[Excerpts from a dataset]
[Start of Attachment]

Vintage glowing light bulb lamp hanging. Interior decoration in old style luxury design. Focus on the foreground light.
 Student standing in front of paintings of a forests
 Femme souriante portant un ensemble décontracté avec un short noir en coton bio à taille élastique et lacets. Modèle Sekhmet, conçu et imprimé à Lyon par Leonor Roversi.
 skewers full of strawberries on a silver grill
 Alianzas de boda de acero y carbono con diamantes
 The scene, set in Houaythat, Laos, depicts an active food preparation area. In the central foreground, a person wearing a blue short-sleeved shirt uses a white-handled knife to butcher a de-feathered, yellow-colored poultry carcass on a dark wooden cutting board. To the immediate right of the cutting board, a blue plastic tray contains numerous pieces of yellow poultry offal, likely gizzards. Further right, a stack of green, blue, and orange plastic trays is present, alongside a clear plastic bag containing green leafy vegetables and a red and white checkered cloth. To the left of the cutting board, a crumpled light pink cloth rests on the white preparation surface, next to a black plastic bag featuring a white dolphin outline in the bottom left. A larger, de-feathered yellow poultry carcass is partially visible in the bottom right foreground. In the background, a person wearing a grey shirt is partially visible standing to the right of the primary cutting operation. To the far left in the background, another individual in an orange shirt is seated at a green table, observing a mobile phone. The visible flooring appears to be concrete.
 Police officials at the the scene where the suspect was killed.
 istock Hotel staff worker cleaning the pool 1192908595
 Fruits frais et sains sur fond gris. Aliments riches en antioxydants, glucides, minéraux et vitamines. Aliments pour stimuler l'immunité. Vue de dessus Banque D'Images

[End of Attachment]

Keep to the lines above, from the first one through the line where "Alianzas de boda" appears, and copy them exactly.

Vintage glowing light bulb lamp hanging. Interior decoration in old style luxury design. Focus on the foreground light.
 Student standing in front of paintings of a forests
 Femme souriante portant un ensemble décontracté avec un short noir en coton bio à taille élastique et lacets. Modèle Sekhmet, conçu et imprimé à Lyon par Leonor Roversi.
 skewers full of strawberries on a silver grill
 Alianzas de boda de acero y carbono con diamantes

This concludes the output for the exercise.